Er hätte wohl gerne über das schöne Wetter geredet, als er vor der Geburtskirche auf eine deutsche Besuchergruppe stößt. Aber gerade herrscht Dürre im Land, da kann sich der gelernte Landesvater schnell anpassen. "Wenn Sie gleich beten", sagt der Präsident, "dann beziehen Sie in Ihr Gebet mit ein, dass es hier regnen muss." Die Besucher nicken, blinzeln in die Sonne, als könne Wulff persönlich es regnen lassen. Dann blitzt sein Humor auf, was selten, aber stets mit seinem Politikerlächeln garniert ist. "Ich weiß ja, man soll eigentlich nicht so präzise beten."

Akzente hat Wulff nicht gesetzt in der Nahost-Politik. Er hat das besondere Verhältnis zu Israel betont, auch die Forderung nach einer Zwei-Staaten-Lösung wiederholt. Diplomatisch gibt es diesen palästinensischen Staat längst: Wulff ließ sich von Präsident Mahmud Abbas empfangen, mit militärischen Ehren. Eine Kapelle spielte die deutsche Hymne, wenn auch schleppend, schief und traurig. Umgekehrt kritisierte Wulff gegenüber Israels Regierungschef Benjamin Netanjahu die Siedlungspolitik und die Lage der Menschen im abgeriegelten Gaza.

In konkreten Fragen aber verweist der Präsident auf die "hohe Komplexität", mit der man das Friedensziel "nicht beschweren" solle. So umgeht man diplomatische Tretminen.

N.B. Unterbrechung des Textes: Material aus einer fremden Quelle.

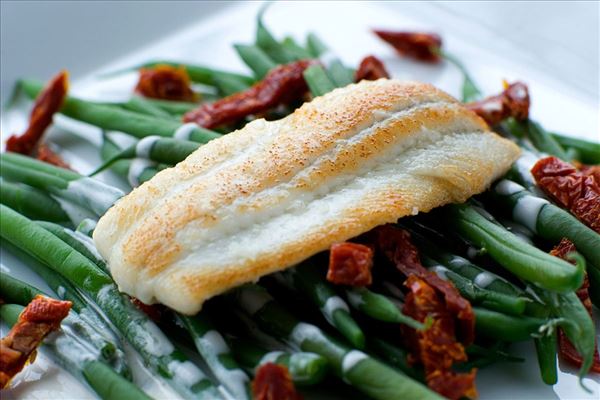 Gebratene Schollenfilets mit Bohnensalat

Wulff erzählt gerne, dass er als Vorsitzender der Schülerunion in Braunschweig eine Demonstration organisiert hat, nachdem eine Synagoge geschändet worden war. Diese Zivilcourage sei vor 33 Jahren in Deutschland "nicht selbstverständlich" gewesen, sagte er dem Massenblatt "Jedioth Achnorot", das ein schmeichelhaftes Porträt von ihm veröffentlichte. Erregung über seine Äußerung, der "Islam gehört zu Deutschland", war in Israel nicht zu spüren.

Wulff sagt nämlich oft Sachen, die selbstverständlich sind. "Ich bin ein Bundespräsident, der die Dinge differenziert betrachtet. Pauschalen Urteilen widerspreche ich." Die Bürger verschiedener Kulturen müssten sich begegnen und respektieren lernen.

Dennoch, der neue Präsident muss sich messen lassen an seinen Vorgängern. So ist in diplomatischen Kreisen noch der Name Rau zu hören, der auf Israel-Reisen zufällig alte Freunde getroffen und spontan das Protokoll verändert habe. Der Präsident der Deutsch-Israelischen Gesellschaft, Reinhold Robbe, sieht Erwartungen durch Wulff geweckt, die erst bestätigt werden müssten. "Das geht nicht nur mit offiziellen Besuchen, sondern über private Reisen und Kontakte", sagte Robbe, der SPD-Mitglied ist.

Nun soll ein Bundespräsident nicht Tagespolitik machen, sondern Zeichen setzen. Wulffs Idee, seine Tochter und eine Delegation junger Leute mitzunehmen, hat gewirkt als Signal für eine neue Generation, Freundschaften in Israel zu schließen. Die 17-jährige Annalena Wulff begleitete ihn. Mit randloser Brille, ganz wie der Vater.

Glamour erlangte Wulff nur durch seine Frau Bettina, die 37-Jährige heiratete er vor zwei Jahren. Mit ihr hat er einen Sohn, sie selbst hat auch einen Sohn in die Ehe gebracht. Bettina ist auf dieser Reise nicht dabei. "Meine Frau ist nicht mitgekommen, weil sie diesmal zu Hause für unsere kleineren Kinder da sein muss. Sie haben einen Anspruch darauf." Er sagt das wie ein Mensch, der zufrieden ist mit seinem Leben. Vielleicht muss er deshalb der Öffentlichkeit nicht so viel beweisen.